2005 waren die Löhne bereits 500 Mal höher. Haben die Manager jetzt so viel besser gearbeitet? Eine Meta-Analyse von 76 wissenschaftlichen Studien kommt zum Schluss, dass es keinen Zusammenhang zwischen Entlöhnung und Unternehmenserfolg gibt. Der Leistungslohn, meinen Osterloh, Rost und Rütsche, sei sogar kontraproduktiv. Im Gegensatz zu langweiligen, repetitiven oder unangenehmen Aufgaben, wofür Geld durchaus einen positiven Anreiz sein kann (Akkordarbeit), führt der Leistungslohn bei anspruchsvollen Aufgaben dazu, dass die Leute die Freude an der Arbeit verlieren. Zudem reagieren sie strategisch: Sie maximieren die Grössen, die gemessen werden, und vernachlässigen alles andere. «So führt Pay for Performance oft dazu, dass Hilfsbereitschaft und solidarisches Verhalten ausbleiben, weil diese schlecht messbar sind. Das schliesst mitunter Manipulationen und sogar Betrug ein.»

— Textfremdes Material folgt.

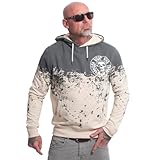 Yakuza Herren Splash Allover Kapuzenpullover, Whitecap Gray, M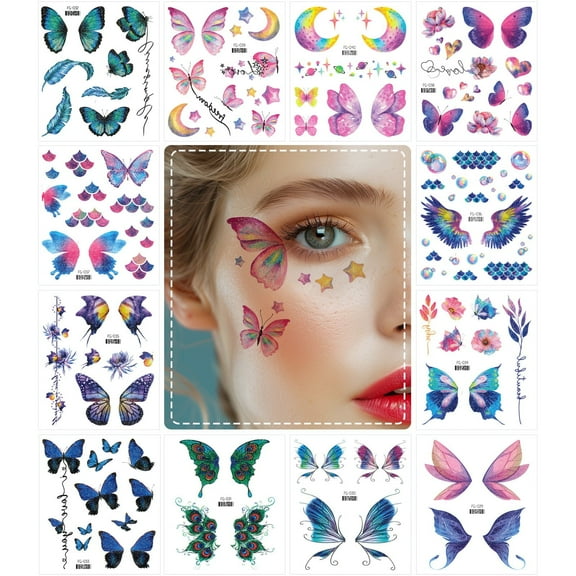Wrapables Waterproof Glitter Butterfly Wings and Fairy Design Temporary Tattoos for Women, Eye, Face, and Body Makeup for Parties, Beach, Festivals (12 Sheets)
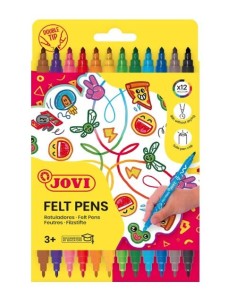 CAJA DE 12 ROTULADORES PUNTA DOBLE FELT PENS JOVI 1512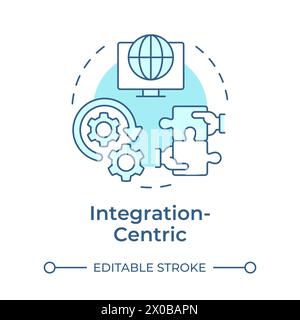 Integration-centric soft blue concept icon Stock Vector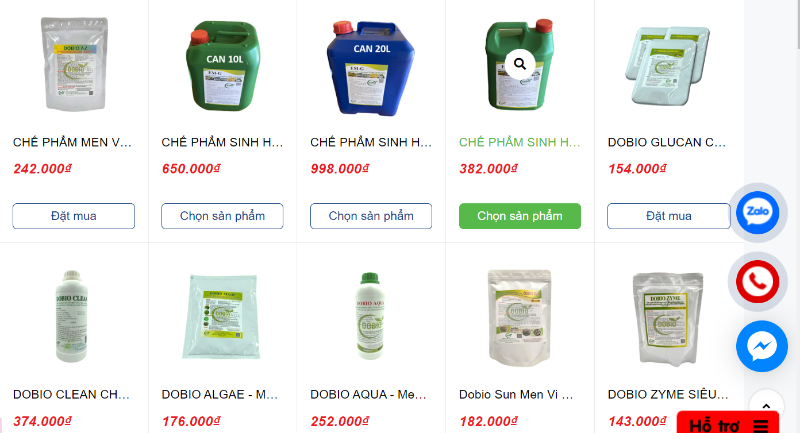 Sử dụng các chế phẩm vi sinh có bán tại Dobio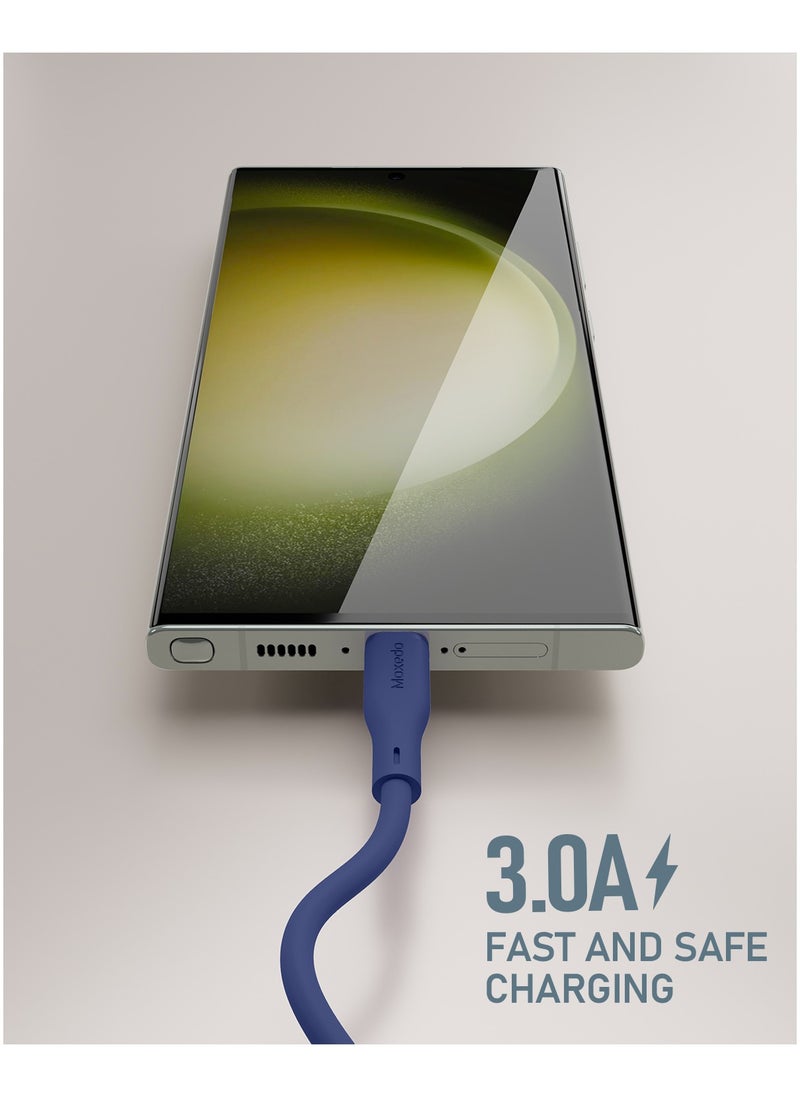 Moxedo Moxedo Cavo X Pro USB-A to USB-C Silicone Cable 3.0A Fast Charge and Data Sync Compatible for Galaxy S21/ S20/ S10/ Note 10/9/A51/ A11/ Switch/ Pixel/ LG & more (Blue 2m)  - Image 2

Der Leistungslohn, so das Fazit, mache «Manager zu Gaunern», weil er sie zur «kreativen Buchführung» und zu «earnings management» (Bilanzpolitik) anstiftet und intrinsisch motivierte Tugenden wie «Corporate Virtue» und Ehrlichkeit verdrängt.» Es zeigt sich: Weder Transparenz noch Lohndeckel können allein die Lösung sein. Es braucht ein anderes System. Eines, das nicht vermeintliche Leistung belohnt, sondern reale Arbeit wertschätzt. Kaum einer glaubt, dass einer, der 500 Mal mehr verdient, wirklich 500 Mal mehr leistet. Und auch ist den meisten klar, dass eine Pflegefachfrau oder eine Polizistin wohl kaum so viel weniger Verantwortung und Risiko trägt wie eine Topmanagerin. Nur einfach viel weniger verdient. Das muss sich ändern, aber das setzt nicht allein beim Lohn an, sondern beim System. Dass Geld allein nicht glücklich macht, ist eine alte Zuckersäckliweisheit. Darum ist es auch falsch, bei der Behebung von Ungerechtigkeit nur beim Geld anzusetzen. Damit diese Unart endlich aus der Mode kommt.